Борьба с пьянством и свиным гриппом
– Когда вы начали менять состав, то сообщили, что в группе началась борьба с пьянством. А как боретесь-то?
– С алкоголем борьба бесполезна, просто нужно контролировать количество. У меня лично оно снизилось. То же самое, в общем-то, и с музыкантами группы. Каждый сейчас контролирует себя сам. Просто не доводит себя до свинского состояния. Потому что иначе… Вот сейчас существует новая версия того, что свиной грипп как раз происходит от чрезмерного потребления алкоголя! А если в меру, то вы никогда не заболеете.
Что касается всего остального, то я крайне рад, что у меня изменилось мировоззрение. Я сам поменялся. Я никогда не представлял, что могу так измениться. От каких-то циничных и, может быть, даже надменных представлений об окружающем мире я пришел к такому очень сентиментальному восприятию жизни. Либо я впадаю в детство, либо становлюсь ближе к Господу Богу, не побоюсь этих слов.
– Вы говорили, что отныне любите белое вино, и упомянули о собственных виноградных плантациях в Калифорнии…
– У меня есть хороший приятель Дима. Дима уехал в Калифорнию лет двадцать назад.

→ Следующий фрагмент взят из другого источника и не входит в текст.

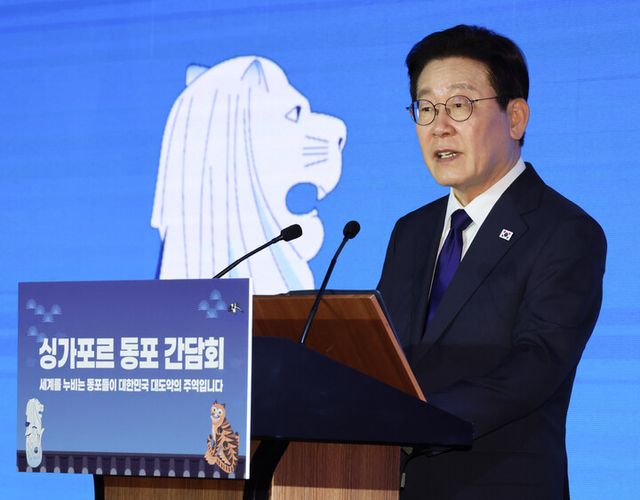 이재명 대통령이 1일 싱가포르 한 호텔에서 열린 동포 만찬간담회에서 인사말을 하고 있다. [사진=연합뉴스]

Он дважды пытался повеситься, потому что у него не складывалась там жизнь. Он художник, но работал на бензоколонке. А потом вдруг нашел себя в веб-дизайне. Оформил кучу всяких сайтов, в том числе Майклу Джексону, Мадонне и даже Биллу Клинтону, о чем у него дома висит наградная грамота. Он живет сейчас в Сан-Карлосе в доме, который не влез в мой фотообъектив, потому что он слишком большой. Ему там скучно, ему там выпить не с кем. И он купил мне небольшое поместье, оно приносит всего тридцать тысяч долларов в год прибыли. И я не знаю, что с этим делать. Потому что жить там я не смогу. Но там есть вино. Недалеко живет, по-моему, Стинг, а через два участка – Фрэнсис Форд Коппола. Так что соседи у меня очень теплые будут. И, собственно говоря, после этого подарка я задумался. Взял лист бумаги и написал слева и справа, чего мне хочется в этой жизни и что я уже имею, и стал зачеркивать – это у меня есть, это есть. И понял, чего не хватает. Я неделями не вижу солнца, а мне оно необходимо. А жить в вечной весне – есть в этом некое счастье. Поэтому буду там пить вино и созерцать окружающую действительность.